Saturday, December 8, 2007

Do the Bottom 80% of Americans Stand a Chance?

While I could devote an entire blog to the long term direction of the country, I want to focus on some long term trends that I think are behind many of the issues facing the markets today. While at times "Wall Street" and "Main Street" disassociate, that cannot go on forever.

In a article, touching on Friday's BS labor report... oops, I mean BLS labor report, we note
  • Average hourly wages among production and nonsupervisory workers (which make up about four-fifths of the work force) rose 8 cents, to $17.63, but that put wage growth only slightly ahead of inflation.
  • Adjusted for inflation, wages have fallen over the last year, from roughly $17.69 last November. And over the past four years, the inflation-adjusted hourly wage has risen by just a penny, from $17.62 in November 2003.
I did double check the facts and I see from the government's own website, wages for these people were $14.97 in 2002 and now are $17.63 or a 3.3% yearly increase... I went back 5 years instead of 4 to make it nice and clean (half a decade).

Why do you care? I personally think most of us active in the 'investor' class (if you will) tend to marginalize what is going on in the real world. Most in the 'investor' class tend to associate mostly with others in this class - and we miss out on the plight of the vast majority of Americans. I think this is especially true of Wall Street, which is full of the "upper 0.5%" types. Do you realize what $17.64 is on an annualized basis? $36,691. That's the 'average' guy on the street.... Main, not Wall. So let's focus on what is really happening on Main Street.

First, if you believe the inflation figures from the government, essentially for the past half decade people (by people I mean the lower 80% of Americans) are (after inflation) making no progress on their wages. They are treading water. That's if you believe the bunk in the inflation figures.
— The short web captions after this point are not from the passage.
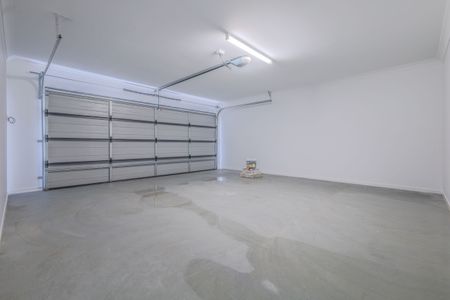 Easy living with low yard maintenance! - Photo 3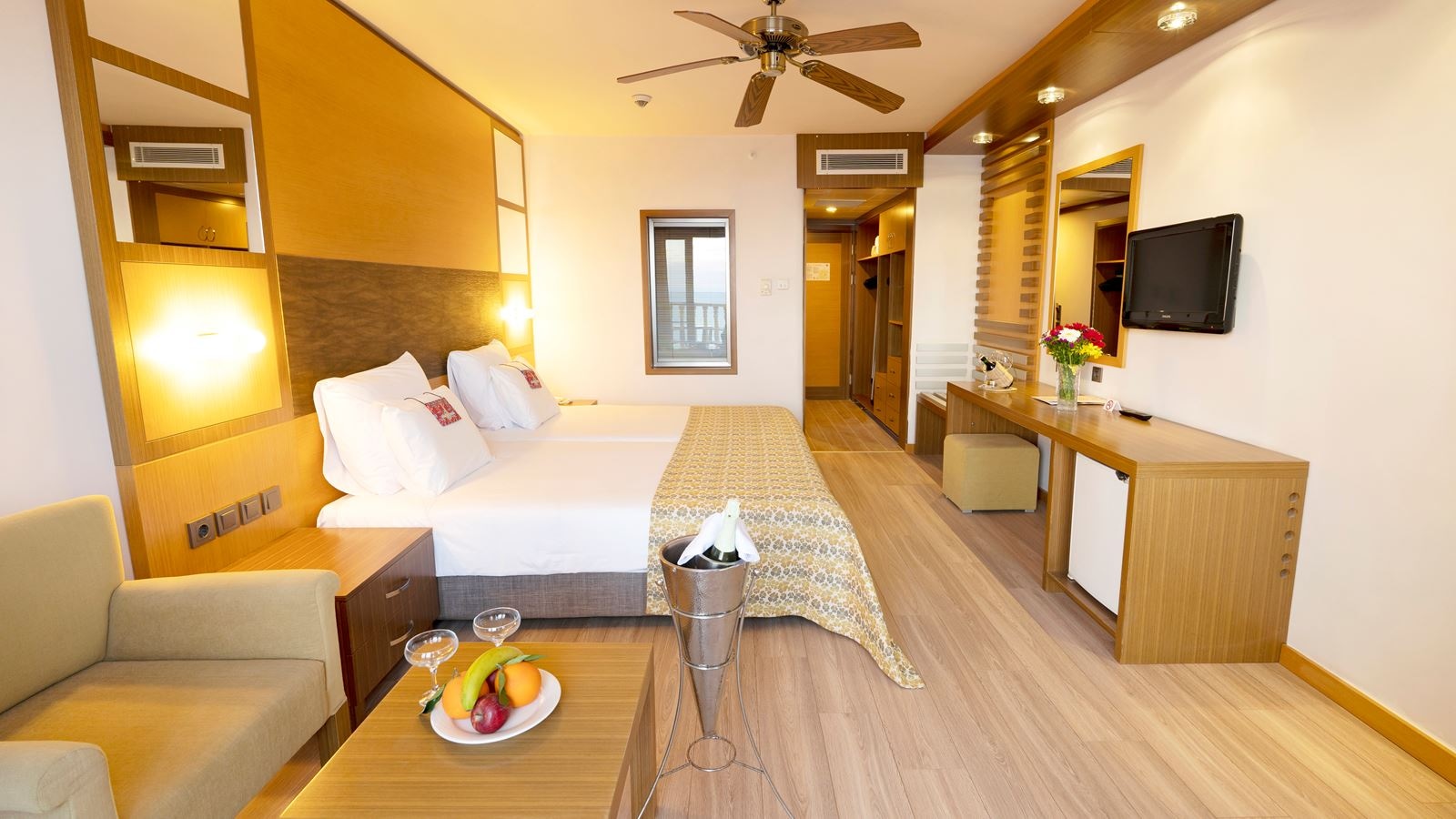 rooms-standard-garden-view-with-balcony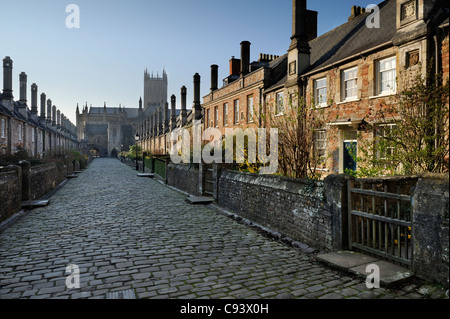 Soleil du matin s'allume dans les maisons des vicaires, près des puits, Somerset, UK Banque D'Images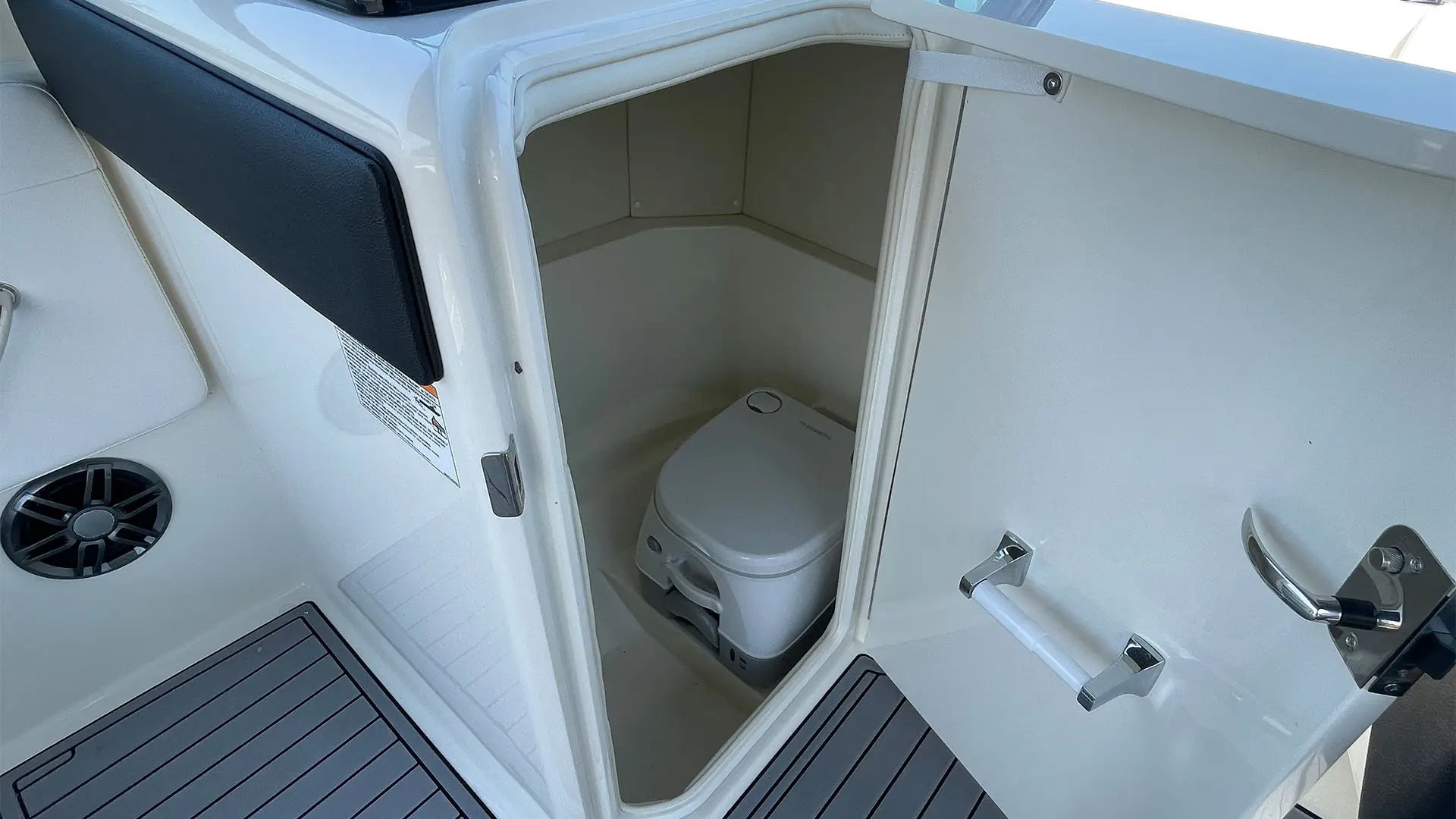 Barco demo Sea Ray SDX 230 OB - Lavabo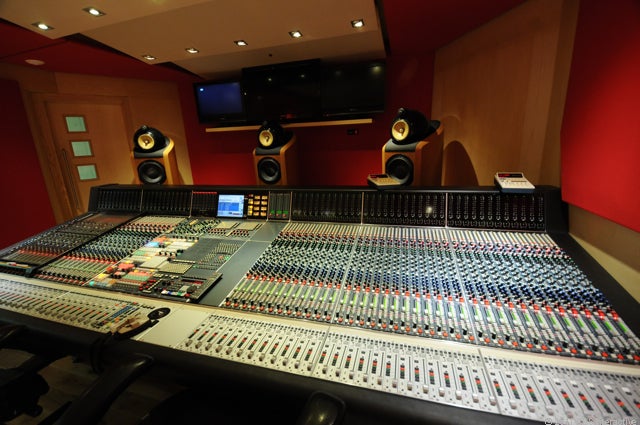 Studio_2_mixing_room_desk.jpg 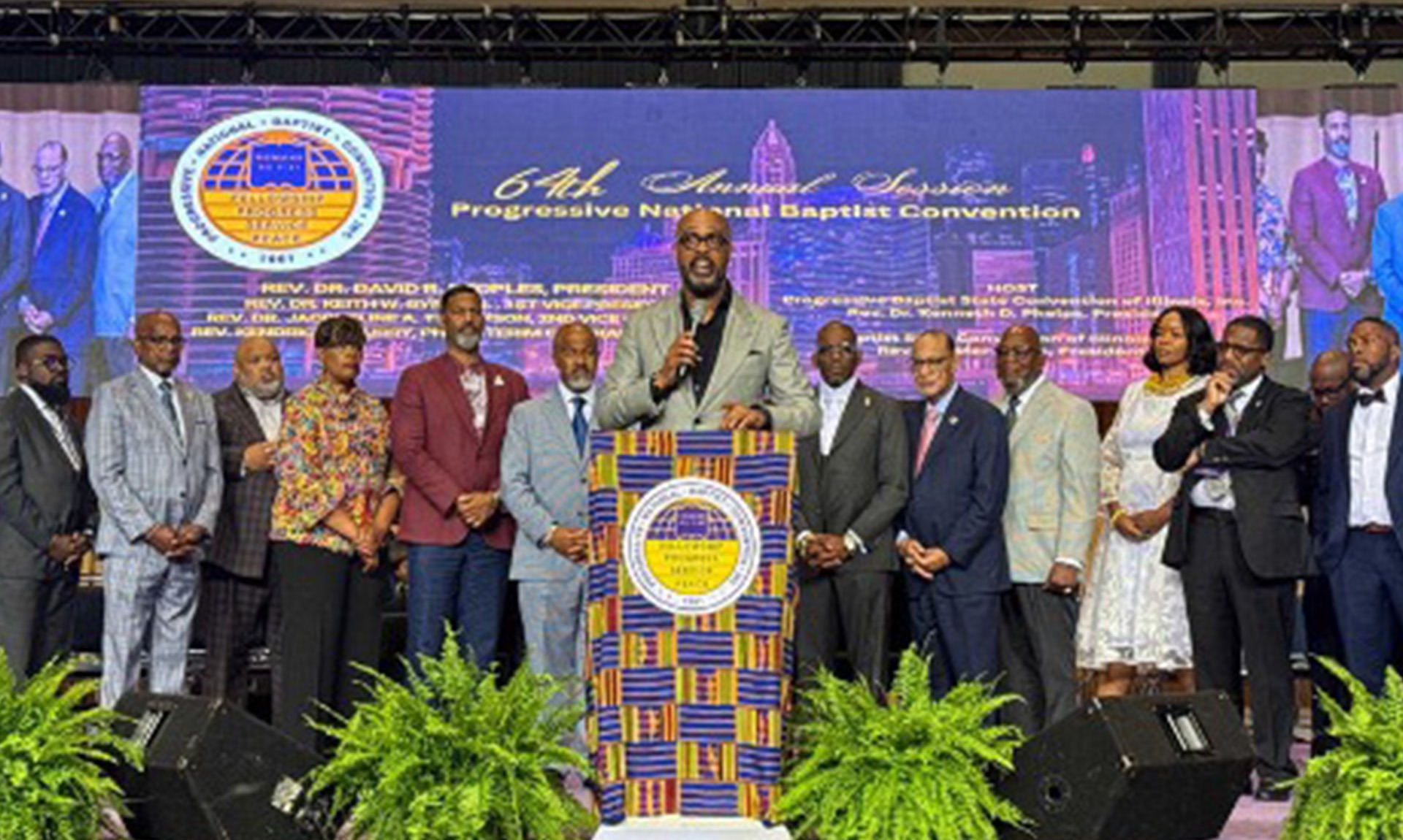 Rev. Frederick D. Haynes III addresses the PNBC annual session in Chicago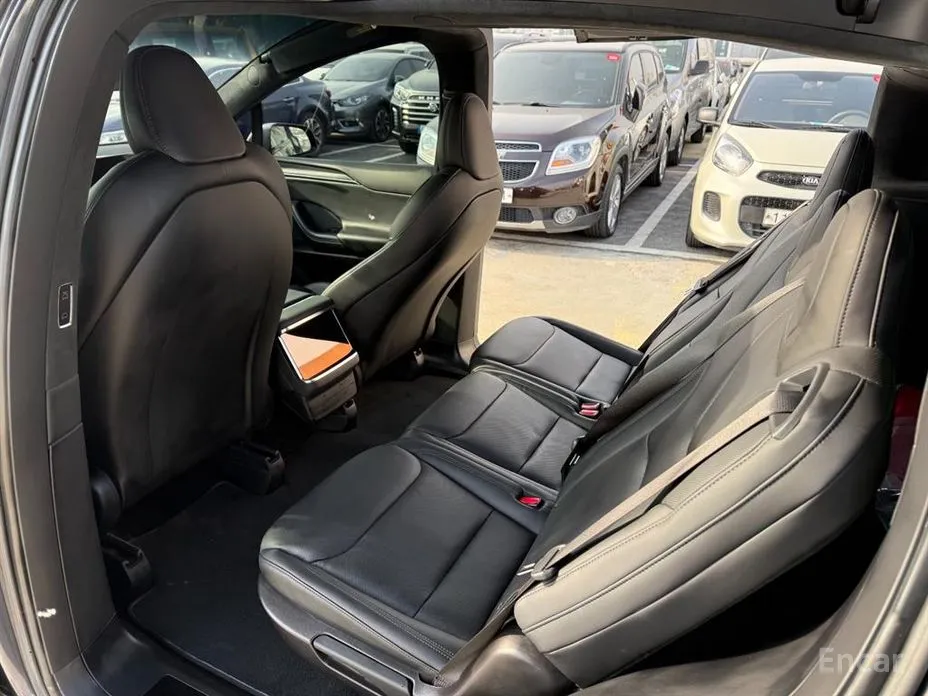 Фото 9 - Tesla Model X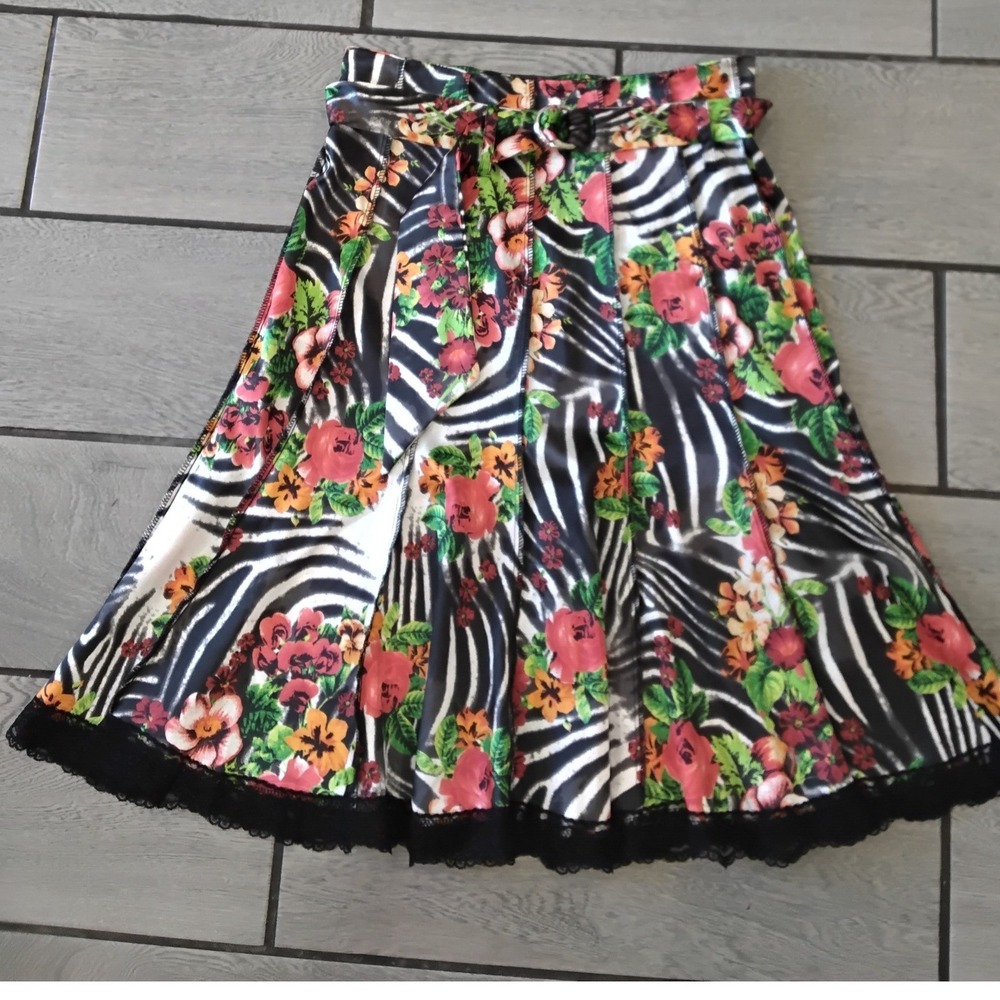 Jus d'Orange Paris Bilbao Zebra Floral Lace Trim Belted Midi Skirt Black Multi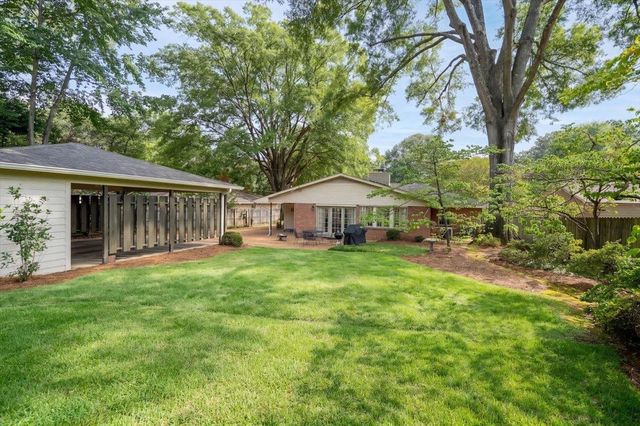 4688 CROSSOVER LN, Memphis, TN 38117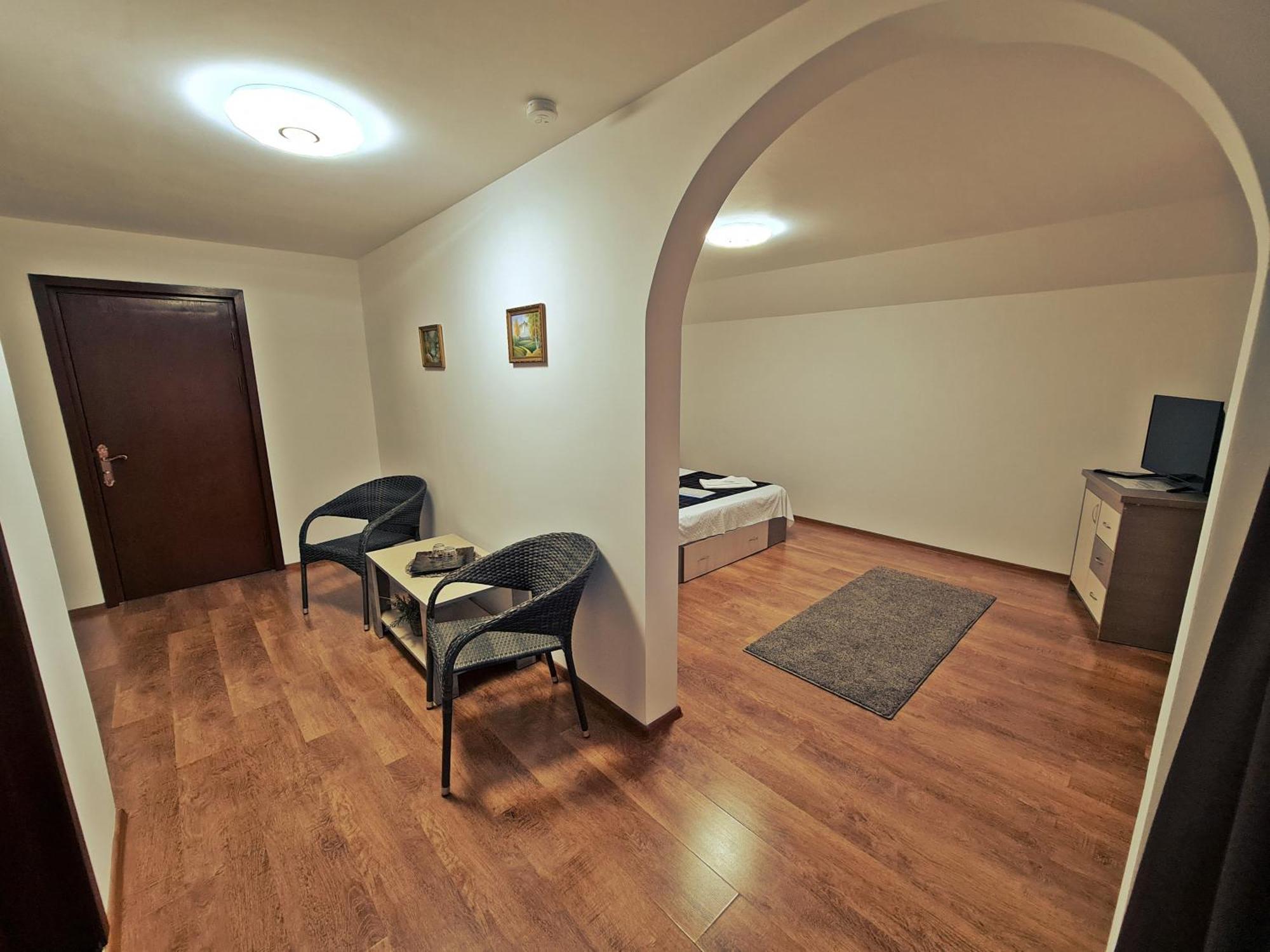 Hotel Casa Leu Curtea de Argeş Zewnętrze zdjęcie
If however, you are like me and you believe reality [Bloomberg Finally Seeing the Truth on CPI], inflation is far higher than people are really falling behind.
  • Since 2001, health premiums have risen 78%; Wages have gained 19% over the same period. CPI inflation measure? 17%.
  • Housing is the single-largest expense for most Americans -- as much as a third of total cash outlays. During the housing boom, OFHEO had housing prices increasing 13% per year; Non-government foundations had real estate taxes increasing about 6%; Over the same period, BLS measured ‘housing cost increases’ at 4% -- about half of its actual price increases.
  • Median real-estate taxes on owner-occupied housing went from $1,614 in 2005 to $1,742 in 2006, an increase of 7.93%. (That's more than double CPI inflation rate)
I am trying to think of a typical American's budget, from highest expenditure to lowest. The order would be something like (1) roof over head (2) taxes for roof over head if not a renter (3) grocery + restaurant (i.e. food expense) (4) insurances - health, home, car (5) car expense (payment + gas) (6) utilities - heating, electric, phone, internet, cable (7) clothing/discretionary

Those with kids would probably have a bit of a different expense weighting, but that in general should some it up. So if 80% of Americans can be classified as "production and non supervisory", and 60% of all Americans own a home (a very consistent figure for a long time), than many of these people are homeowners. The government tells us inflation is rising 2-3% (at worst) Any of you living in the real world know (going back to the list above)
  1. Roof over head - if you are a homeowner in the most populous state, many homes have risen in value from 50-100% in the past 5 years, far higher than 2-3% a year. Those who are renters have faired better, but in general rents are going higher than 2-3% a year. So as prices were increased on homes to unsustainable levels people were forced (in the past half decade) to buy inflated assets that sucked up a huge amount of their monthly budget.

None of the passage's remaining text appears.